● Task statement
Could you copy exactly the lines below, beginning at the line with "Lego Ninjago, výbušná motorka" and stopping after the line with "Pole Vaulting Woman", with no pictures?

------------------------------

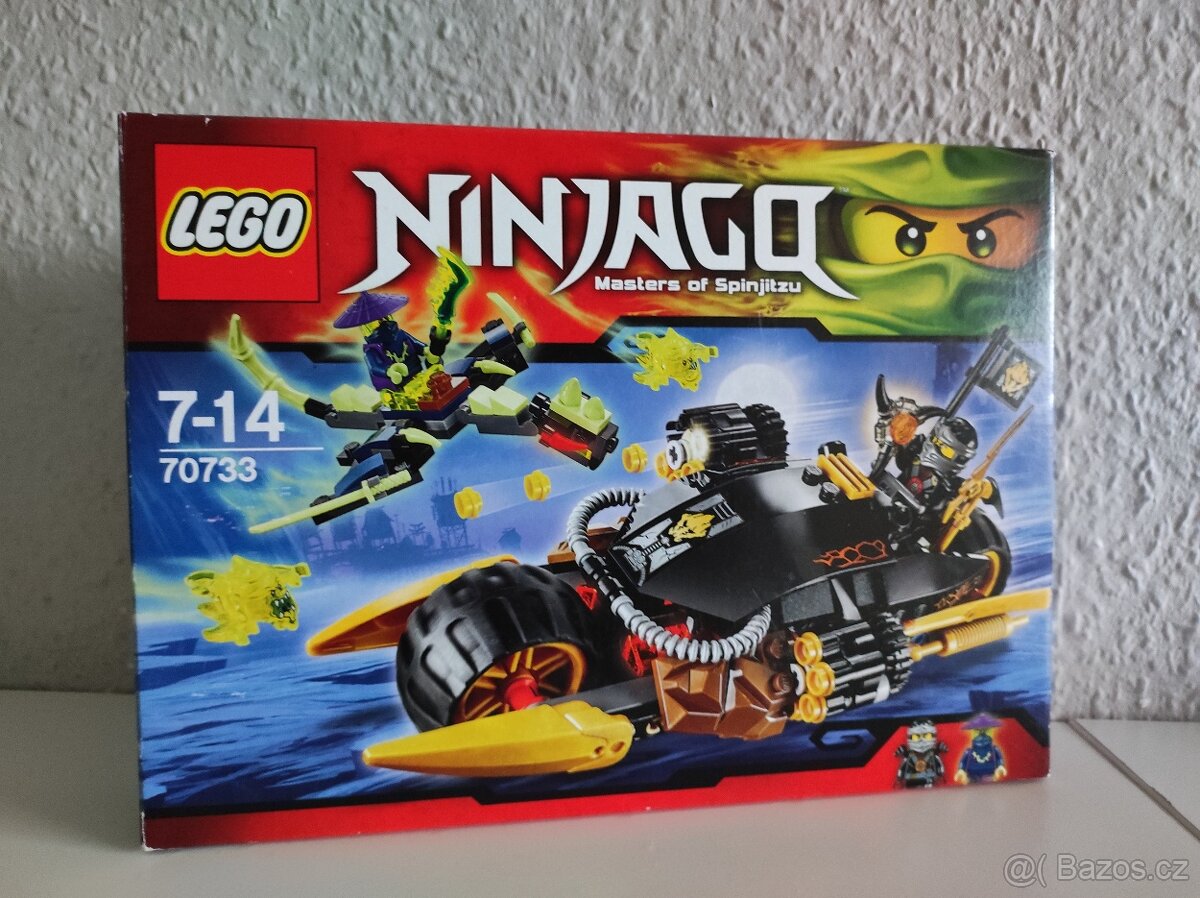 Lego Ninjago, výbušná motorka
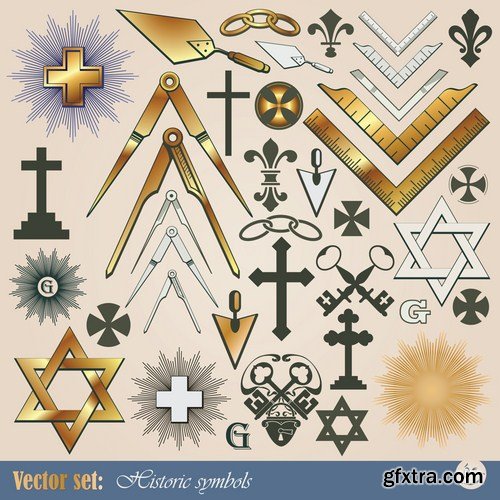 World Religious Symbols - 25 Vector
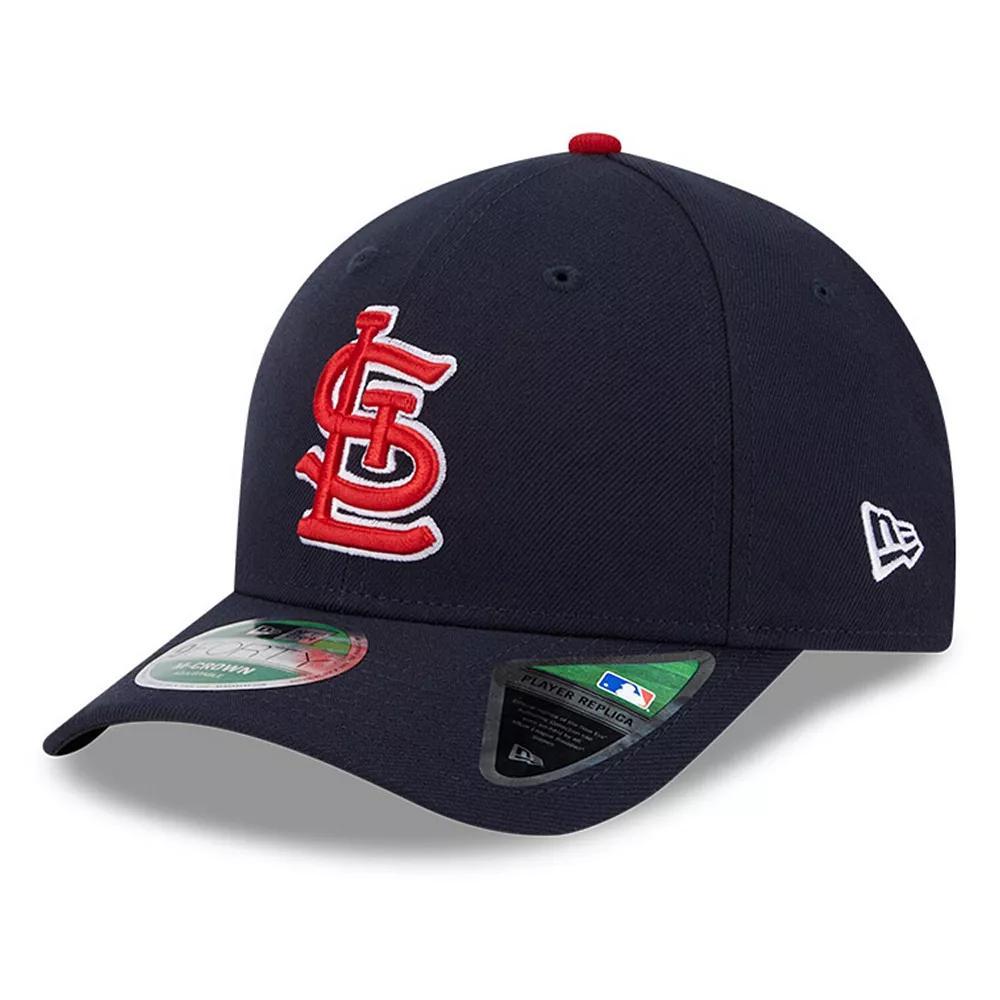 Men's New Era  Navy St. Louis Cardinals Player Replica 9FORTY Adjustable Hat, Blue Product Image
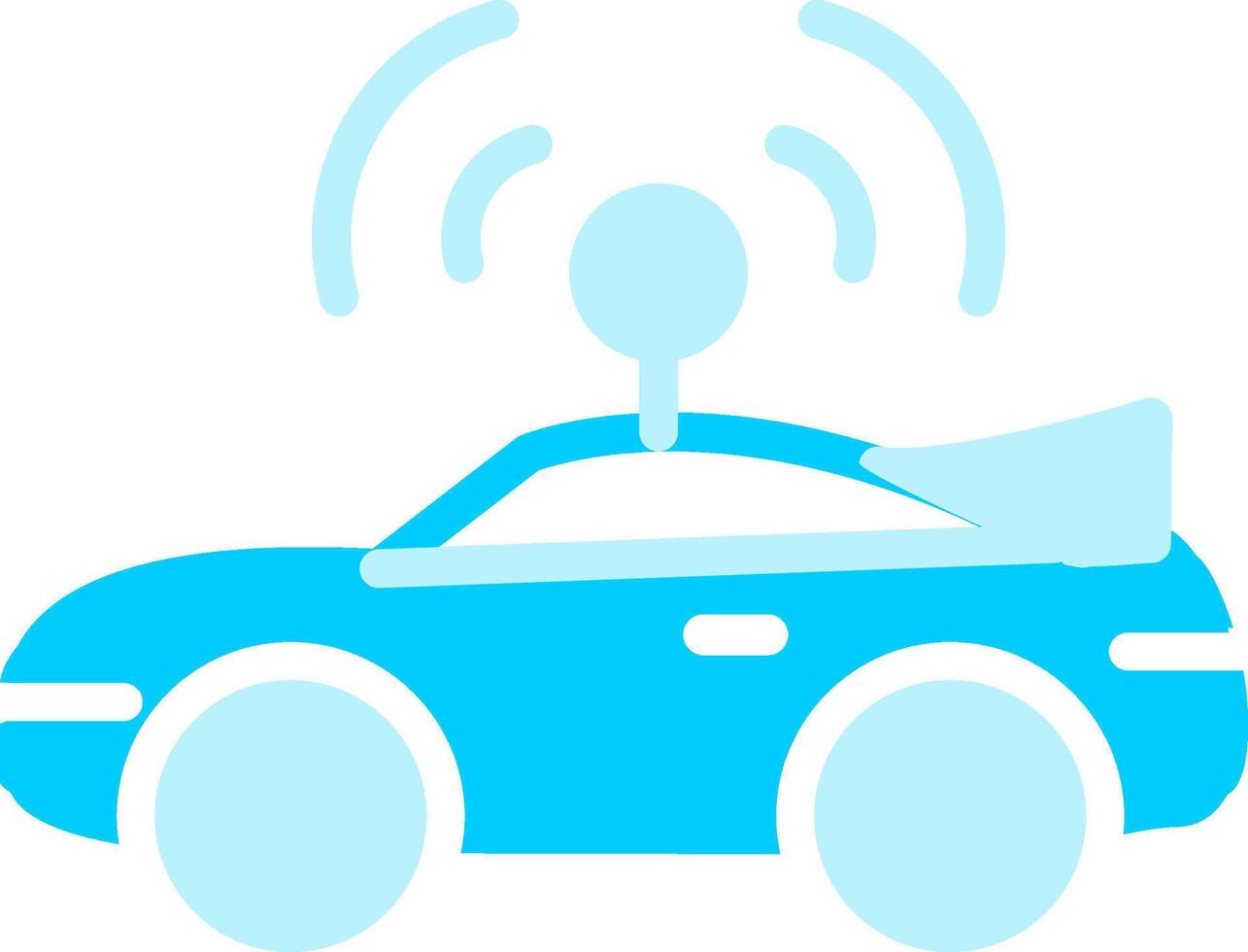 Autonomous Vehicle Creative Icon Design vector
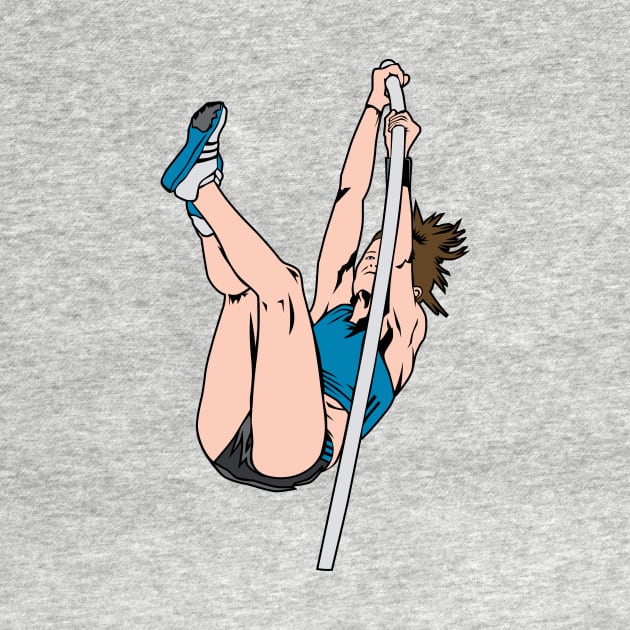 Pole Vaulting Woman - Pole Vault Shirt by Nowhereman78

------------------------------

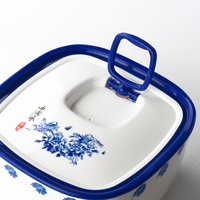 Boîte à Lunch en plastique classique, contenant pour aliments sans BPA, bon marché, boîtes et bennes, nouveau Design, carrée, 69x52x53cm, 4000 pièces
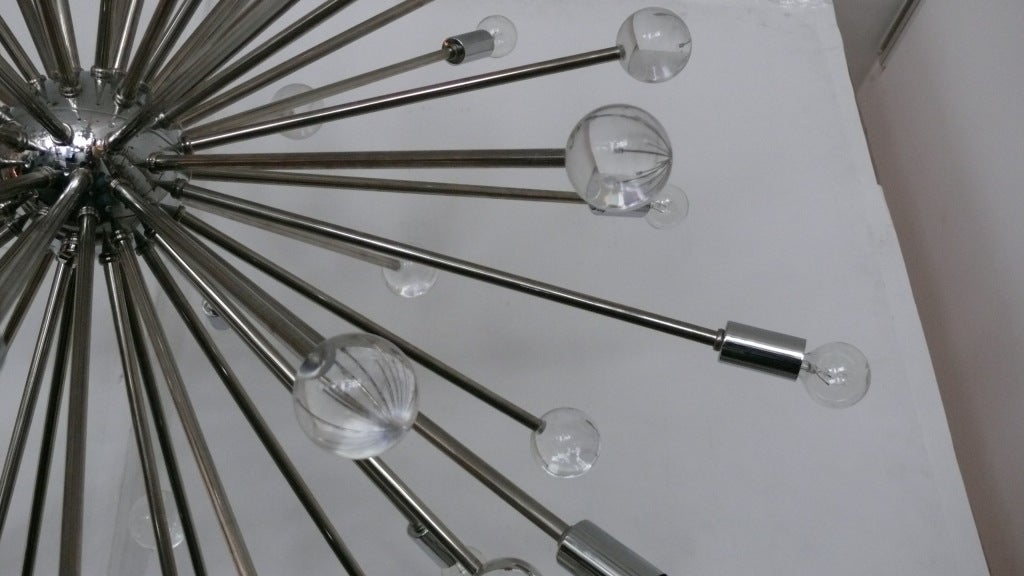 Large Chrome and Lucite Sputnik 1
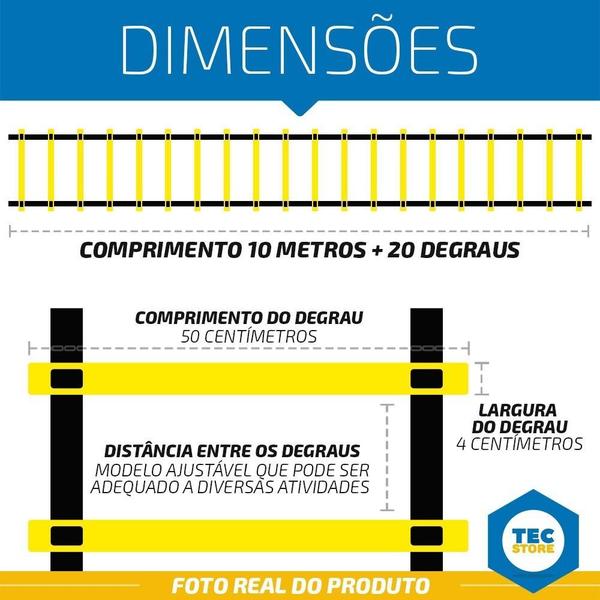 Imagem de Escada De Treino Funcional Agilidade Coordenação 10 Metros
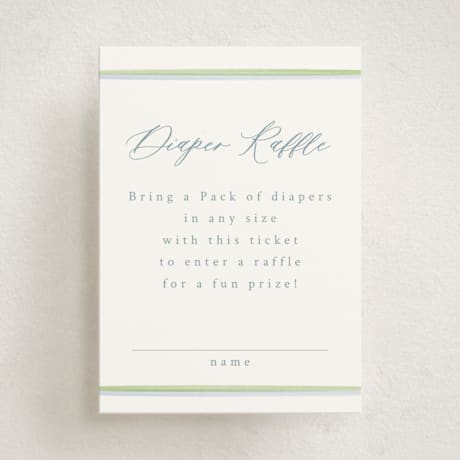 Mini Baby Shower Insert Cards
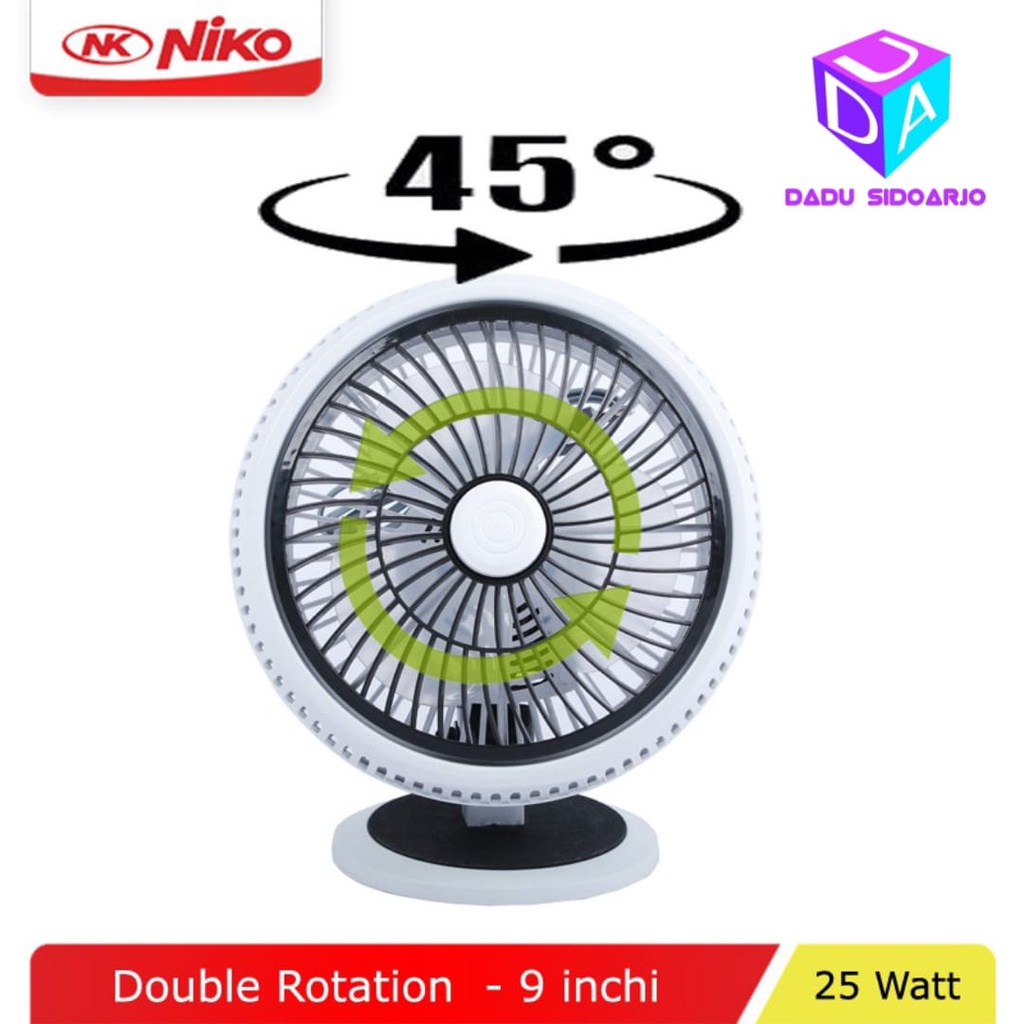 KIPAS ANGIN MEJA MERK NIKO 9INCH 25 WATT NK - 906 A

------------------------------

● Answer below
 Lego Ninjago, výbušná motorka
 World Religious Symbols - 25 Vector
 Men's New Era  Navy St. Louis Cardinals Player Replica 9FORTY Adjustable Hat, Blue Product Image
 Autonomous Vehicle Creative Icon Design vector
 Pole Vaulting Woman - Pole Vault Shirt by Nowhereman78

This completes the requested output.